The pneumothorax can be filled with external air as well
with alveolar gas. Which one is supposed to be reabsorbed
faster? Look for the inspired air values in Ref. 2. They equal
outside air pressures.
Now complete Table 6, which describes gas dynamic during
paranasal sinusitis, or otitis media. In both cases, inflamation
seals the entrance of air to the bone cavity.

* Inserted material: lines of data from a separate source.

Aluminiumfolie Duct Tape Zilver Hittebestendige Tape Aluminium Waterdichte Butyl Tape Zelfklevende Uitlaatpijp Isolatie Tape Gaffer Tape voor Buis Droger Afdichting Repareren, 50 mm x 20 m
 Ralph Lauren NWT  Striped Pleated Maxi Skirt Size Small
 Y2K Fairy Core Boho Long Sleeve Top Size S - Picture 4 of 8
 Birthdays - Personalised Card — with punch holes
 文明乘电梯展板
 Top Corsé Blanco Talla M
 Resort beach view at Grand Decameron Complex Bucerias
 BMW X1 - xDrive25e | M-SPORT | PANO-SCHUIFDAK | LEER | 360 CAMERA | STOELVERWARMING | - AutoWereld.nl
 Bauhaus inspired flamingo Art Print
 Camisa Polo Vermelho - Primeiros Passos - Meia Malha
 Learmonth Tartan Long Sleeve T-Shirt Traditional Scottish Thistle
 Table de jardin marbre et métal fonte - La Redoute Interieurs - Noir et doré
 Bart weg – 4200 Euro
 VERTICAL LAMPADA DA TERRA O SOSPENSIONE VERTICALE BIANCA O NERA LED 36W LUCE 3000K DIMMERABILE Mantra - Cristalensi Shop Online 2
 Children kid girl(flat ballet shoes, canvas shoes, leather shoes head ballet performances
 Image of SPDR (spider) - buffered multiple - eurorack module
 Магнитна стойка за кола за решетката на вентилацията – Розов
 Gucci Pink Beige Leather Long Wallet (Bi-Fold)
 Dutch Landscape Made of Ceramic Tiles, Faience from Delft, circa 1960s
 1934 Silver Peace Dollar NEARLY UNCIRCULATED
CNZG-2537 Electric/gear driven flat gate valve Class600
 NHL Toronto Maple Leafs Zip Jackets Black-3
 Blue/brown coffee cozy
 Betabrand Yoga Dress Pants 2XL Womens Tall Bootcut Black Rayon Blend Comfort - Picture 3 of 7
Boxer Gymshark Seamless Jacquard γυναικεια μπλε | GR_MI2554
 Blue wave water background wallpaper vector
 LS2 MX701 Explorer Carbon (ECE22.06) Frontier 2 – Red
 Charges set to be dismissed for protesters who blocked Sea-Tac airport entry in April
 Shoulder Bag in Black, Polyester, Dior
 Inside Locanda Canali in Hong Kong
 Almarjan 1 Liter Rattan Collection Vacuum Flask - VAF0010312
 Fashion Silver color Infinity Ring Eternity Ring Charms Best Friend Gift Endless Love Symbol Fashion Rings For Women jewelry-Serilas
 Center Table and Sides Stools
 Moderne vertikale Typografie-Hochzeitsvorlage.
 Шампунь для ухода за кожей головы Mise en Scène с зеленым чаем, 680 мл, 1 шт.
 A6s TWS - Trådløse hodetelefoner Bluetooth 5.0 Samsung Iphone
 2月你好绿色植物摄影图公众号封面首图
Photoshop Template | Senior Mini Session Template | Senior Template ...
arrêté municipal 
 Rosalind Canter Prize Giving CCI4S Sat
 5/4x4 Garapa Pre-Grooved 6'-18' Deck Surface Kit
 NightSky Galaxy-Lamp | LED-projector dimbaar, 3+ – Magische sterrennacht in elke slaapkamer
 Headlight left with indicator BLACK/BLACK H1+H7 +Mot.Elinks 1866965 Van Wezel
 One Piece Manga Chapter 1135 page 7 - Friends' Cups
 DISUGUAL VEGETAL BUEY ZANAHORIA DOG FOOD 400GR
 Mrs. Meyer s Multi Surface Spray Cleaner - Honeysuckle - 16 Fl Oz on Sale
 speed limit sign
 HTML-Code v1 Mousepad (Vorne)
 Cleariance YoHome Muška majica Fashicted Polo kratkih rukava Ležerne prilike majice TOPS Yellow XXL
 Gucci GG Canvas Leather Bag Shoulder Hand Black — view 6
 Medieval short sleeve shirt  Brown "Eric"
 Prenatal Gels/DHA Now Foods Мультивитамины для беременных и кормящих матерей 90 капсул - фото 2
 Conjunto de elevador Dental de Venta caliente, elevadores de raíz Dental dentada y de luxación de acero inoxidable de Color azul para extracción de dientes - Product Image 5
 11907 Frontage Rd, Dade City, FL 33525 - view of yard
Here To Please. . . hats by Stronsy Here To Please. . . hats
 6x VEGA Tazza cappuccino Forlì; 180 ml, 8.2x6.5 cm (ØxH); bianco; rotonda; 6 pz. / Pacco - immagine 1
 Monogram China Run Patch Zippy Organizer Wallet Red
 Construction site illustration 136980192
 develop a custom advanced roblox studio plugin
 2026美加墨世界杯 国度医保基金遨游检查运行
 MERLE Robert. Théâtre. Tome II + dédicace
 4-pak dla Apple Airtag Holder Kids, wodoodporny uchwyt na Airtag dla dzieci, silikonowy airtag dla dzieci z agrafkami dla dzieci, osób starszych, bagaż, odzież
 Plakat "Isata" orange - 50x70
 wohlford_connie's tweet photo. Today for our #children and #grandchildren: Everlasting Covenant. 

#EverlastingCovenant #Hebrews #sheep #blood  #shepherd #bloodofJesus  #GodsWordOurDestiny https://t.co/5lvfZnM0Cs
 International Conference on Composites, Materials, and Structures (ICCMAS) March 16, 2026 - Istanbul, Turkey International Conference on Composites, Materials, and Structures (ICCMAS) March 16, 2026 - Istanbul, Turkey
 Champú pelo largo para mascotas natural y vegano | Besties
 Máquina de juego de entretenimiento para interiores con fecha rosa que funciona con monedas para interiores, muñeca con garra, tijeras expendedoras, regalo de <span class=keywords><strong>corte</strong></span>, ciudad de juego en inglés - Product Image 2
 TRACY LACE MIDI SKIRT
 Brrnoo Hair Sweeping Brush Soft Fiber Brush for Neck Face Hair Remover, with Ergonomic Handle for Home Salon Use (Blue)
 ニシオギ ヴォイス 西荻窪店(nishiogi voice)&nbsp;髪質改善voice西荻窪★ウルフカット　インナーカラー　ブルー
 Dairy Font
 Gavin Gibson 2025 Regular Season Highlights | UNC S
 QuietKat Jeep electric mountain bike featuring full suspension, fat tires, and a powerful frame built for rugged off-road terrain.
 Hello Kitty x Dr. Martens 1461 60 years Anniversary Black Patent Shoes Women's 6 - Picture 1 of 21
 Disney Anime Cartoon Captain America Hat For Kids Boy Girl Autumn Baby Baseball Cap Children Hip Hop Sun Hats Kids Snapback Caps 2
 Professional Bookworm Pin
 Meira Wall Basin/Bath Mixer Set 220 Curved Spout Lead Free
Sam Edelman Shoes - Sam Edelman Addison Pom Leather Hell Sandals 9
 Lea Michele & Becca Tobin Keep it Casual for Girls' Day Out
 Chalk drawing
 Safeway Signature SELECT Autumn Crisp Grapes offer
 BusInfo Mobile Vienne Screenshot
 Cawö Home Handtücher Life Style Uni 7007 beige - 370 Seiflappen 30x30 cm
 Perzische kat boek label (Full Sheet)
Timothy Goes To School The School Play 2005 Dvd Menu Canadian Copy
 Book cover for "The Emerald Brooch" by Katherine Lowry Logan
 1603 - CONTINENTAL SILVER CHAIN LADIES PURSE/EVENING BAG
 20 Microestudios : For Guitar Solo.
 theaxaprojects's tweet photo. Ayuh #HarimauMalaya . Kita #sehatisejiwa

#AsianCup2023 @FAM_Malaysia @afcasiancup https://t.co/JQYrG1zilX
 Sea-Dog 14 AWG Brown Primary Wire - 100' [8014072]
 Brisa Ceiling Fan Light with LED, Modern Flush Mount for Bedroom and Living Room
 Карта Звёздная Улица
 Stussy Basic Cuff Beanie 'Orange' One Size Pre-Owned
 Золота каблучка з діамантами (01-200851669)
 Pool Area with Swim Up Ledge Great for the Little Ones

Values are again
taken from Ref. 2. Intracavitary gas in the open cavity equals
inspired air.
Bone cavities are incompressible, so, theoretically, after a
balance of pressures with venous blood is achieved, the total
pressure of gases in them can be 54 mmHg less than the outside
air pressure. This never happens because the subatmospheric
pressure alters Starling forces in the mucosa that cover cavity
surfaces. Blood is forced to enter the mucosa by the subatmospheric pressure that sucks it inside. Mucosal interstitial hydrostatic pressure is also more negative than normal, and
painful mucosal edema develops. The added volume of interstitial water in mucosal tissue together with secretion of free
fluid from the edematous mucosa into the cavity reduces the
negativity of the intracavitary pressure. Further absorption of
trapped gas will stop when the balance of partial pressures with
mucosal blood is once reached.
Does this make sense to you? YES or NO.
If YES, can you accept the following conclusion:
In cases of air trapping in collapsible body cavities, all gases
will be fully reabsorbed without pain. Air trapping in bone
cavities leads only to partial reabsorption of gases and results
in subatmospheric intracavitary pressure. Partial vacuum
causes painful mucosal edema and free fluid secretion.